De facto, a prevalência da doença cardiovascular na população de atletas jovens parece ser baixa (números inferiores a 0,3%), sendo que o número de casos de morte súbita em atletas é cerca de 1,2 em 100 mil por ano. Já na população geral, este número ronda os 4 em 100 mil por ano. A FIFA aponta mesmo que, entre 2007 e 2012, a jogar futebol profissional, tenham morrido 84 atletas com uma média de idades na ordem dos 25 anos.

A grande maioria destes casos prende-se com uma alteração no ritmo e contractilidade do coração dos indivíduos, muitas das vezes sem causa aparente que o justifique. Algumas explicações encontradas para estes casos prendem-se com o stress físico e psicológico do treino intenso e da própria competição, alterações metabólicas, efeitos de fármacos e outras drogas ou doença cardíaca não conhecida previamente.
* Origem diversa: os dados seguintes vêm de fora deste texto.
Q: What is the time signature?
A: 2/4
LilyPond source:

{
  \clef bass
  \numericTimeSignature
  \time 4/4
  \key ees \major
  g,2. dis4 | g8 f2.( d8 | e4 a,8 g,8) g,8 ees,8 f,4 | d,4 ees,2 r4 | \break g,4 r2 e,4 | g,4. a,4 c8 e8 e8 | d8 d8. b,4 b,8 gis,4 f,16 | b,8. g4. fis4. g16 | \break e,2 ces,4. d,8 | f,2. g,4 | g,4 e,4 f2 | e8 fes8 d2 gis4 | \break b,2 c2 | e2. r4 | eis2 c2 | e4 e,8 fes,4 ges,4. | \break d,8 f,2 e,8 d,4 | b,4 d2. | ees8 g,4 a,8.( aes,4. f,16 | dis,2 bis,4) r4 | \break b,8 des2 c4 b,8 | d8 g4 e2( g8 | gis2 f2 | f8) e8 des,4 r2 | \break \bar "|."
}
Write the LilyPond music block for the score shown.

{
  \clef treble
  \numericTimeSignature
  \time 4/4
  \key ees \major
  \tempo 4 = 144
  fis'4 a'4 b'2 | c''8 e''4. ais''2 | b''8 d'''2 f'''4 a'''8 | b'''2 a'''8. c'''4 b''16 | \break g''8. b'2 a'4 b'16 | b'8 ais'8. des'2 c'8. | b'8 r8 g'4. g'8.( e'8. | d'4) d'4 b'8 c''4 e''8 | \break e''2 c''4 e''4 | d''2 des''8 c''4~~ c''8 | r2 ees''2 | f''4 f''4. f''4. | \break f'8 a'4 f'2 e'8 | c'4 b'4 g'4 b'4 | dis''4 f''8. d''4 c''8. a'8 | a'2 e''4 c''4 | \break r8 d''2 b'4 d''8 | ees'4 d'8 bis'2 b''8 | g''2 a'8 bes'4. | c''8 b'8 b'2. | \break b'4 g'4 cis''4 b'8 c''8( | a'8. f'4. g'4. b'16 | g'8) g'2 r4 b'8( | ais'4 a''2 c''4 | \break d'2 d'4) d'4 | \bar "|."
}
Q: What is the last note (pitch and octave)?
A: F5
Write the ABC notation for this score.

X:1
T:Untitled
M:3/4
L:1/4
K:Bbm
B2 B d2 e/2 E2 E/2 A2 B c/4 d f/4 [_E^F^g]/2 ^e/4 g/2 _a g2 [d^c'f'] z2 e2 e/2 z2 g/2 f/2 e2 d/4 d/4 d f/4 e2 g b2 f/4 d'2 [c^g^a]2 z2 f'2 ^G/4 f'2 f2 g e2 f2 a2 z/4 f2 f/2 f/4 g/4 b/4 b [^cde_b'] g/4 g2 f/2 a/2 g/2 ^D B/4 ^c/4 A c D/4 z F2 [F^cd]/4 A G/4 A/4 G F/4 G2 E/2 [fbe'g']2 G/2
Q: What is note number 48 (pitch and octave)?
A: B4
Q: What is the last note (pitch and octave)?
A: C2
Temos de reconhecer que, no caso dos atletas de elite, estes são estudados e analisados ao pormenor, estando muitas vezes sujeitos até ao overdiagnosis. Estes têm à sua disposição os melhores e mais sofisticados meios humanos, físicos e técnicos da actualidade. O que só vem comprovar que, apesar de tudo isto, existem fatalidades impossíveis de prever. É fundamental que se reconheça este ponto, tanto da perspectiva das equipas médicas, como dos próprios atletas.

Desta forma, mais do que romantizar o “milagre” da vida e ressuscitação por parte da equipa médica no jogo Dinamarca-Finlândia, importante é realçar a implementação dos processos, o cumprimento dos protocolos, a disponibilidade imediata dos meios preconizados para o uso neste tipo de situações e o automatismo dos intervenientes e do papel que cada um tem a desempenhar. E é este trabalho muitas vezes invisível que é tão importante e fulcral em grande parte das situações de emergência.

Não menos importante é o papel da educação para a saúde no que diz respeito à evicção de erros que poderão ser mais nefastos para o atleta (ou pessoa comum) do que propriamente benéficos para a sua sobrevida. É fundamental acabar, por exemplo, com o mito de colocar de imediato o atleta em posição lateral de segurança sem avaliação prévia ou a tendência muitas vezes errónea de colocar a mão na boca/língua do atleta.

Adicionalmente, torna-se imperativo a formação individual, não só nos estádios e outros recintos desportivos, mas também nas escolas, empresas, centros comerciais, etc, bem como providenciar a disponibilidade de material de ressuscitação imediato (com devidas vistorias e certificações válidas). Só assim poderemos ser também nós os nossos próprios heróis.